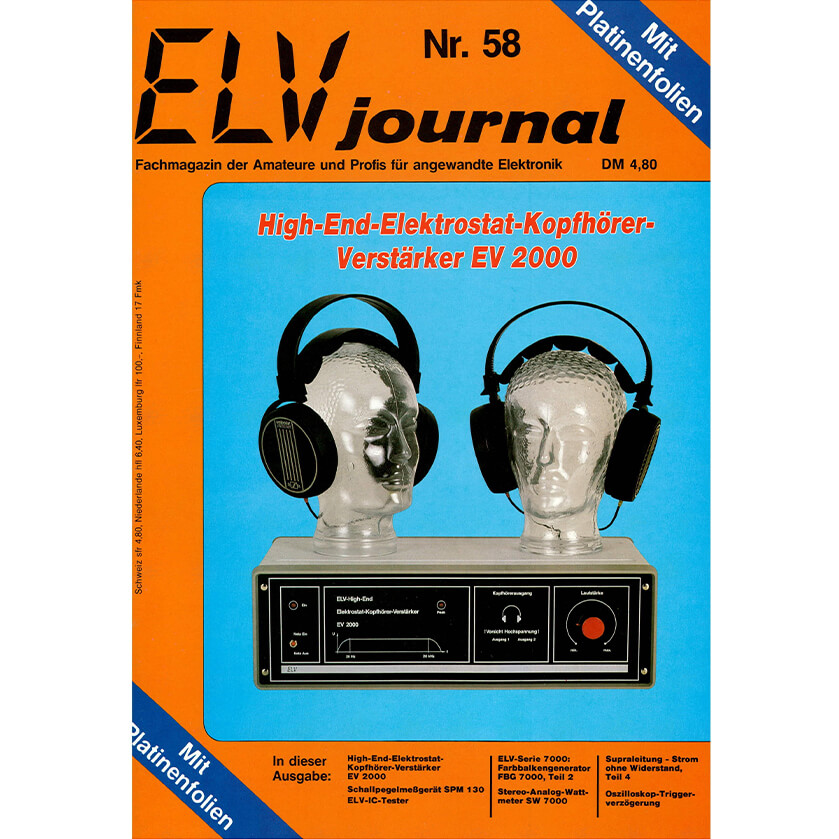 ELVjournal 4/1988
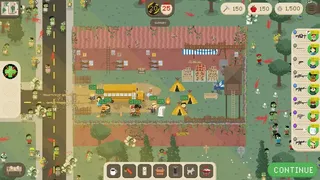 Скриншот 2 к игре Deadly Days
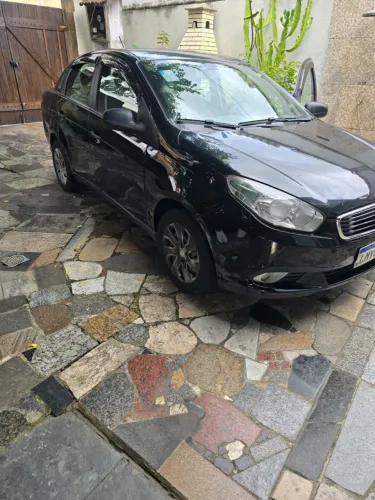 Fiat Grand Siena Attrac. 1.4 EVO F.flex 8V 2019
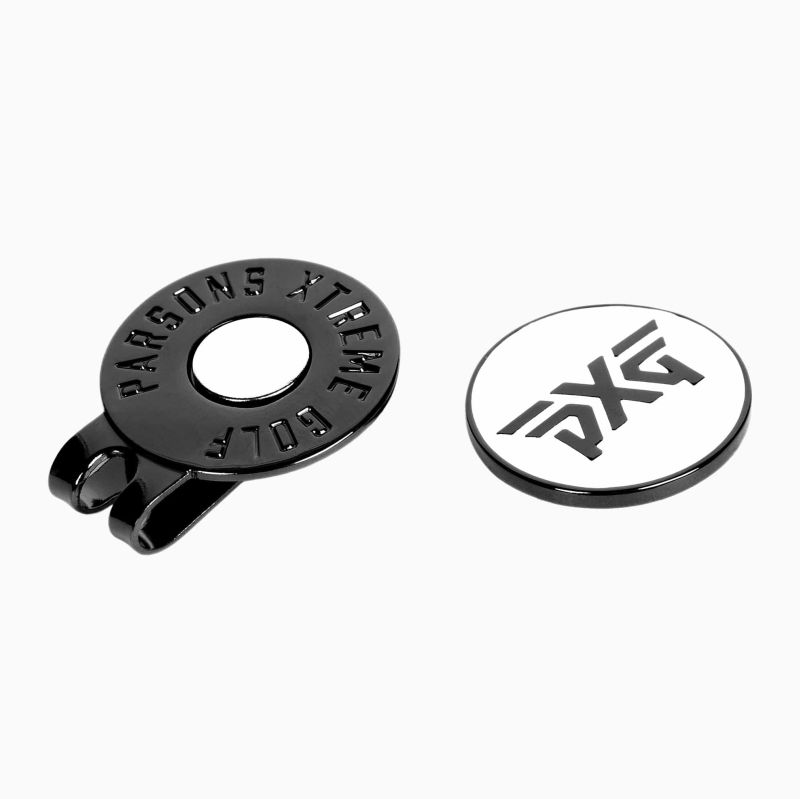 PXG Magnetic Ball Marker & Cap Clip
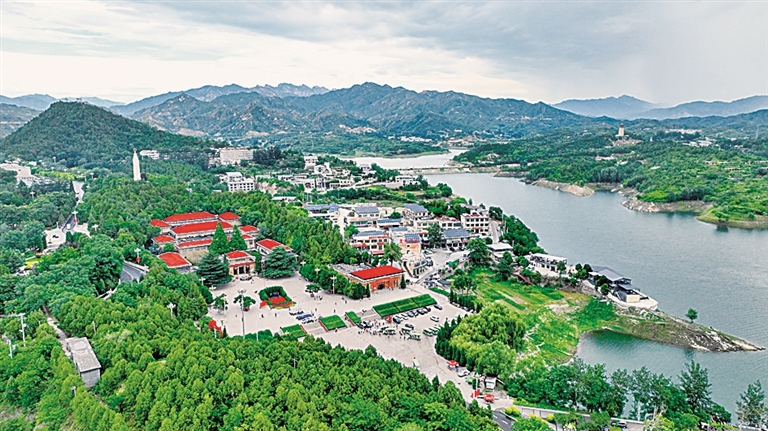 汲取前行力量,走好新的赶考之路——建党105周年之际寻访西柏坡纪念馆 汲取前行力量,走好新的赶考之路——建党105周年之际寻访西柏坡纪念馆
━━━━━━━━━━
Copy all of the data word for word, and keep the pictures out of it.

 ELVjournal 4/1988
 Скриншот 2 к игре Deadly Days
 Fiat Grand Siena Attrac. 1.4 EVO F.flex 8V 2019
 PXG Magnetic Ball Marker & Cap Clip
 汲取前行力量,走好新的赶考之路——建党105周年之际寻访西柏坡纪念馆 汲取前行力量,走好新的赶考之路——建党105周年之际寻访西柏坡纪念馆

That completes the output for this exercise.